I assume that the JAC is the previous version of their current IEV5 (which is the HFC7001AEV). Auto-CHE.com has a page of information about a bunch of variants ("batches") with links to more detailed pages for each of them. I suppose you already had that...

The Wikipedia article for JAC says they assembled Mitsubishi vehicles at one time, so it seem reasonable to guess that this car is largely a copy of some Mitsubishi model... although this might not matter since those would be the parts which you will not be using.


----------



## brian_ (Feb 7, 2017)

Perhaps most importantly, there are just empty spaces where the text suggests that there are supposed to be images. 
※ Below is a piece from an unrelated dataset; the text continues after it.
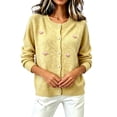 thumbnail image 4 of Womens Floral Cardigan Sweater Long Sleeve Crew Neck Button Down Coat Fashion Comfy Casual Loose Knitted Outwear (XXXL, Yellow-F), 4 of 6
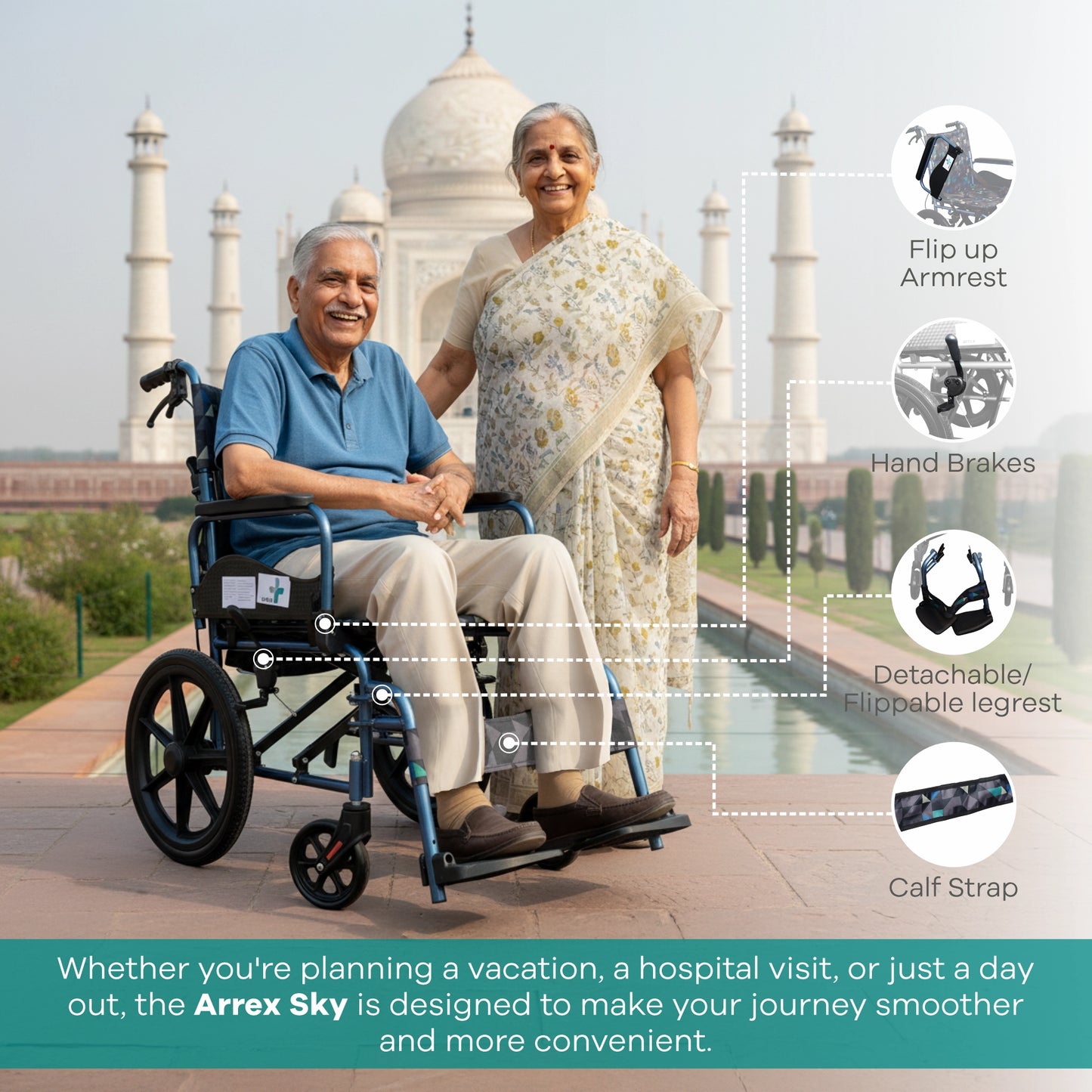 Premium Foldable Aluminium Wheelchair Arrex Sky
_Update_: I copied the URL for one of the images to a separate window, got a security warning from my browser (Chrome), told it to go ahead and risk problems, and now I see the images.


----------



## brian_ (Feb 7, 2017)

Harmon20 said:


> Maybe even this doodad:
> 
> 
> 
> ...


The marking appears to say "GPS GSM CAN"... so a combined GPS receiver and mobile data (the old GSM standard) transceiver, communicating with the rest of the car on the CAN network?


----------



## brian_ (Feb 7, 2017)

Harmon20 said:


> I think this is the onboard charger:


Presumably, based on the markings, that's the DC-to-DC converter, with 200+ VDC input.


----------



## Harmon20 (Oct 5, 2017)

brian_ said:


> Auto-CHE.com has a page of information about a bunch of variants ("batches") with links to more detailed pages for each of them. I suppose you already had that...


Yes, I had looked over that site I was, by far, the most informative of any site I'd found but it didn't make things any clearer for me at the time.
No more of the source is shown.